Ellis Dorothy, Wu Dongyuan, Datta Susmita
Department of Biostatistics, University of Florida, School of Public Health and Health Professions, Gainesville, FL.
Wiley Interdiscip Rev Comput Stat. 2022 Jul-Aug;14(4). doi: 10.1002/wics.1558. Epub 2021 May 20.
Due to the development of next-generation RNA sequencing (NGS) technologies, there has been tremendous progress in research involving determining the role of genomics, transcriptomics and epigenomics in complex biological systems. However, scientists have realized that information obtained using earlier technology, frequently called 'bulk RNA-seq' data, provides information averaged across all the cells present in a tissue. Relatively newly developed single cell (scRNA-seq) technology allows us to provide transcriptomic information at a single-cell resolution. Nevertheless, these high-resolution data have their own complex natures and demand novel statistical data analysis methods to provide effective and highly accurate results on complex biological systems. In this review, we cover many such recently developed statistical methods for researchers wanting to pursue scRNA-seq statistical and computational research as well as scientific research about these existing methods and free software tools available for their generated data. This review is certainly not exhaustive due to page limitations. We have tried to cover the popular methods starting from quality control to the downstream analysis of finding differentially expressed genes and concluding with a brief description of network analysis.

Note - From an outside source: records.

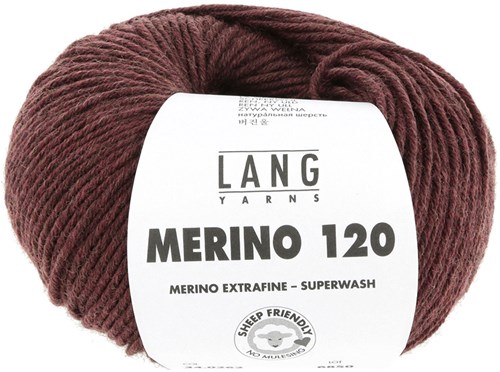 Lang Yarns Merino 120 0262 Burgundy Mélange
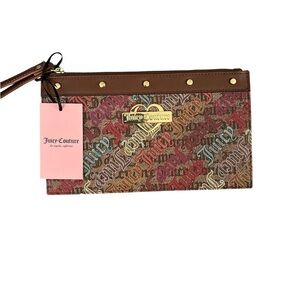 Juicy Couture Multicolor Logo Print Wristlet Clutch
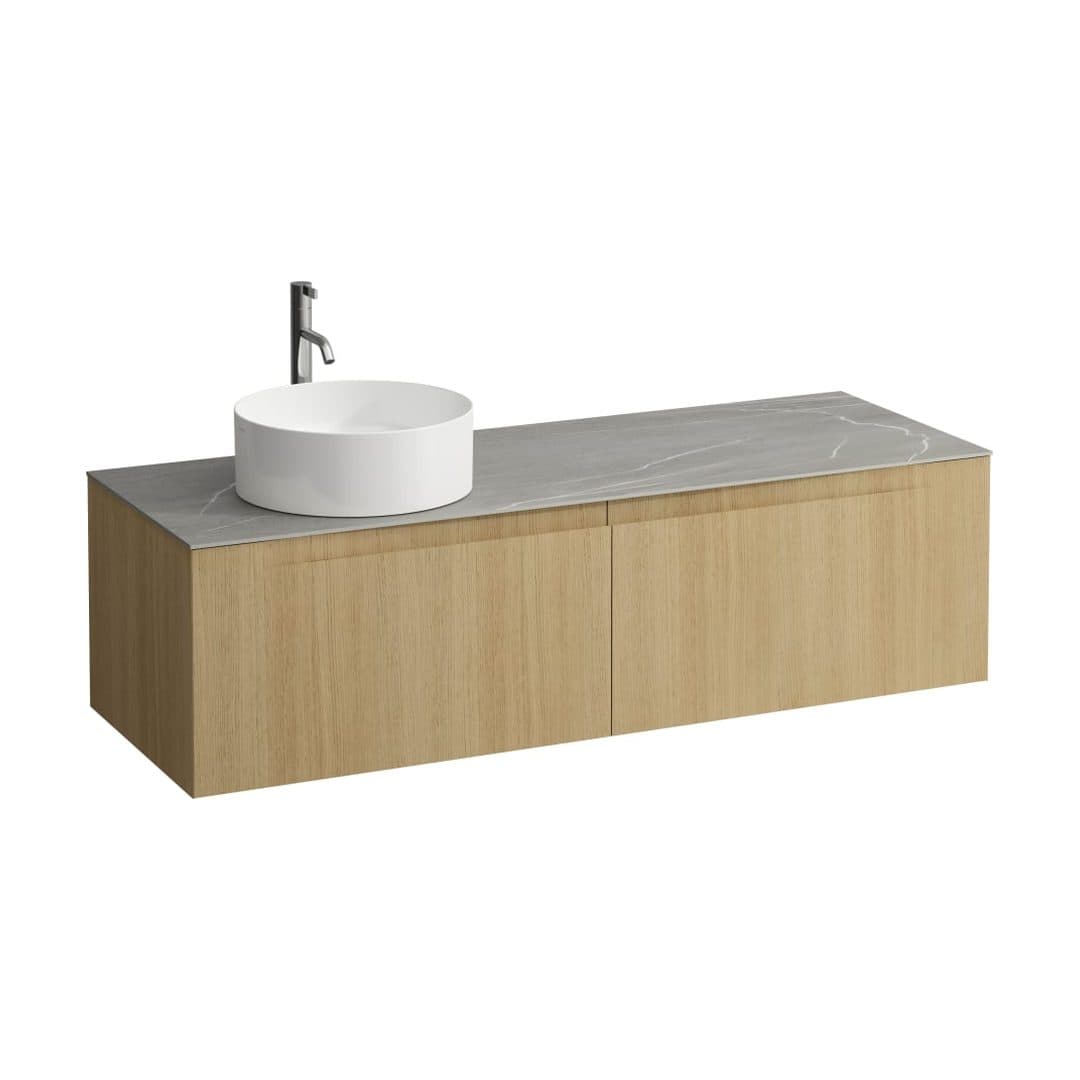 Laufen ARUN – Έπιπλο Νιπτήρα – 1405 mm, 2 συρτάρια, πάγκος Piasentina Grigio, άνοιγμα αριστερά, με οπή μπαταρίας – Light oak (H4161361512501)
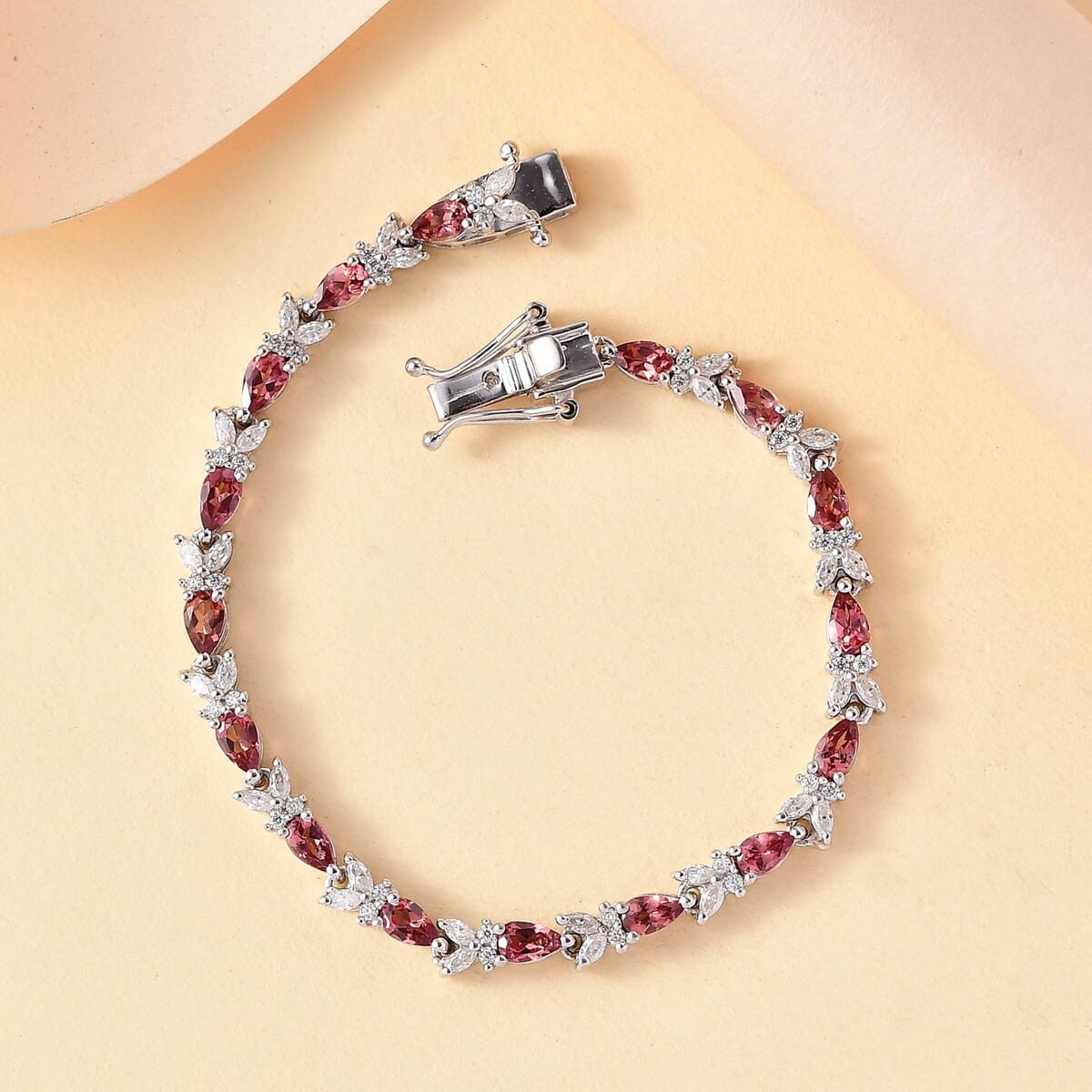 AMAZING!! 7.70ctw Blush Garnet & Moissanite Tennis Bracelet Rhodium Plated 8.00″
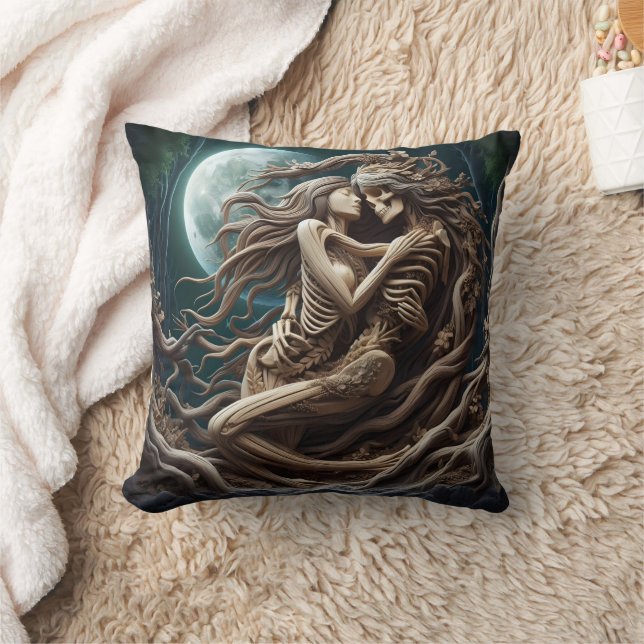 Romantic Skeletons Embracing Under a Full Moon Throw Pillow (Blanket)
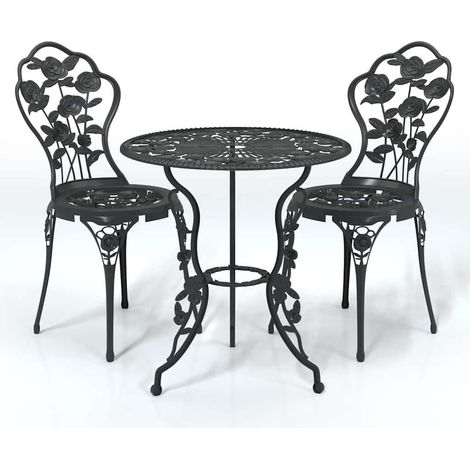 Maison Exclusive - 3-tlg. Bistro-Set Aluminiumguss Schwarz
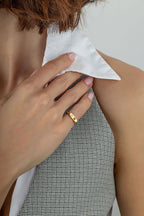 Rectangular Burgundy Stone-Set Pinky Gold Ring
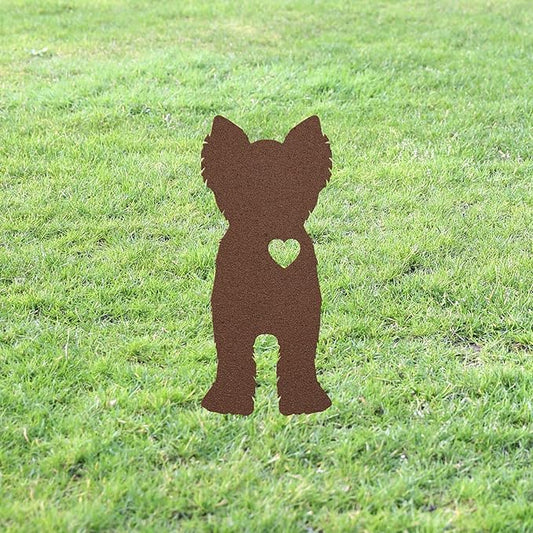 Personalized Yorkie Garden Statue Stake,Custom Yorkshire Terrier Outdoor Art Decor,Memorial Remembrance Sculpture,Outdoor Statue for Yard Garden Porch Lawn Grassland Park Farm Flowerpot Decor.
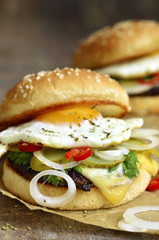 Burger with beef liver cutlet.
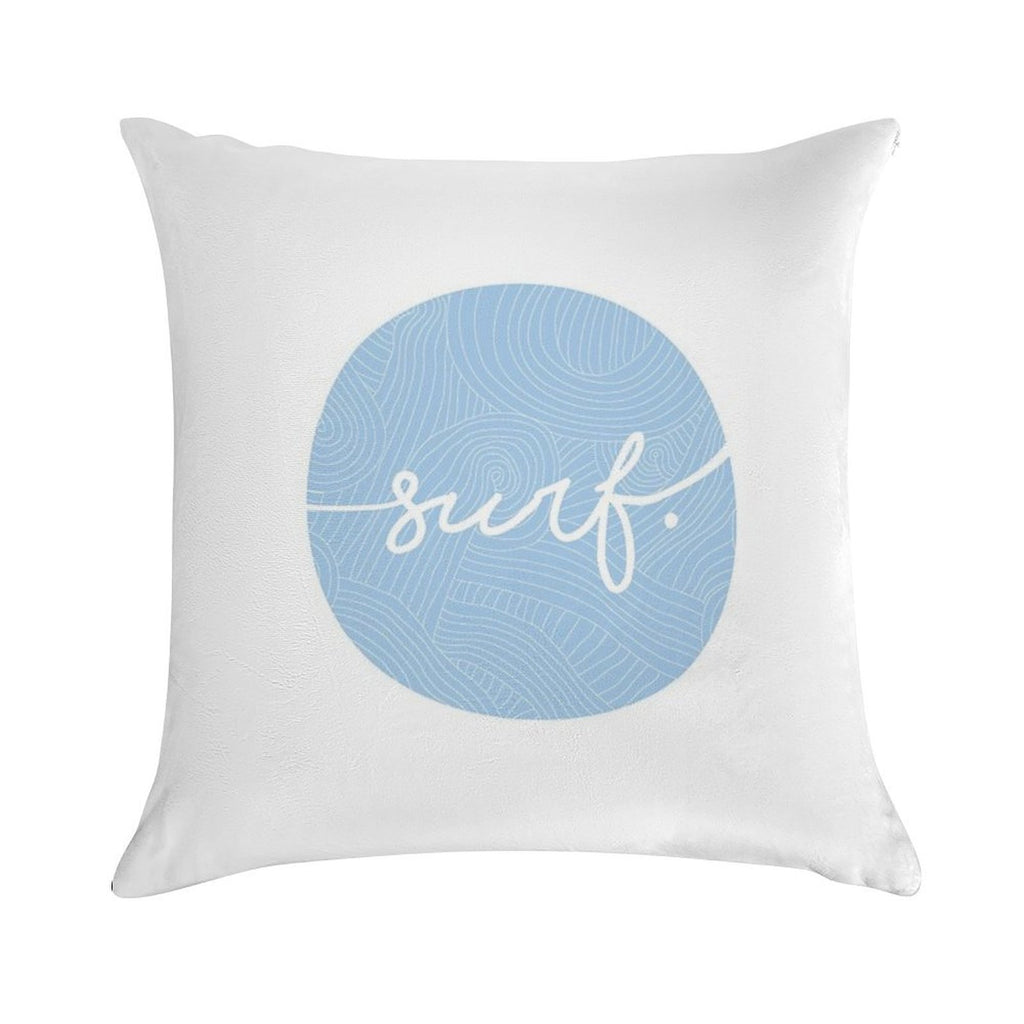 Surf. Soft Short Plush Fabric Throw Pillow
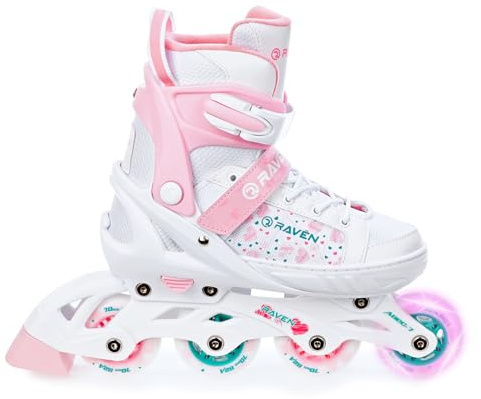 RAVEN Inline Skates Inliner für Kinder Mädchen verstellbar (ROSI, 31-35 (20,5-23cm))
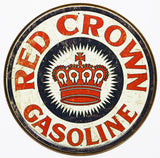 Red Crown Gasoline Round Tin Metal Signs Vintage Style Standard Oil Gas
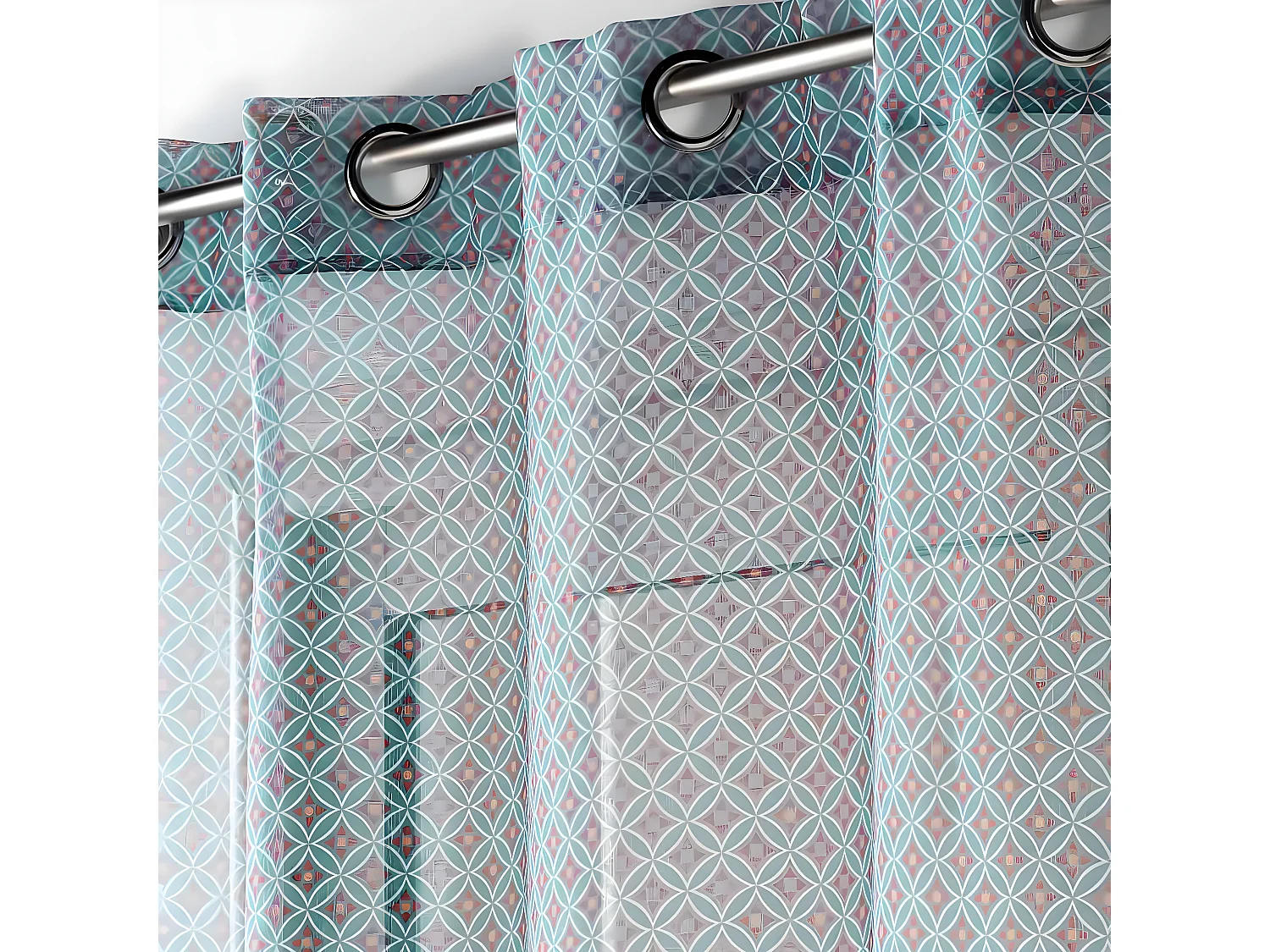 Rideau Voilage à Œillets "Havana" 140x240cm Menthe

由于下一代RNA测序(NGS)技术的发展,在涉及确定基因组学、转录组学和表观基因组学在复杂生物系统中的作用的研究方面取得了巨大进展。然而,科学家们已经意识到,使用早期技术获得的信息,通常称为“批量RNA测序”数据,提供的是组织中所有细胞的平均信息。相对较新开发的单细胞(scRNA-seq)技术使我们能够以单细胞分辨率提供转录组信息。然而,这些高分辨率数据有其自身复杂的性质,需要新颖的统计数据分析方法,以便在复杂生物系统上提供有效且高度准确的结果。在这篇综述中,我们为想要进行scRNA-seq统计和计算研究的研究人员以及关于这些现有方法和可用于其生成数据的免费软件工具的科学研究,涵盖了许多此类最近开发的统计方法。由于篇幅限制,本综述肯定并不详尽。我们试图涵盖从质量控制到寻找差异表达基因的下游分析等流行方法,并以网络分析的简要描述作为结尾。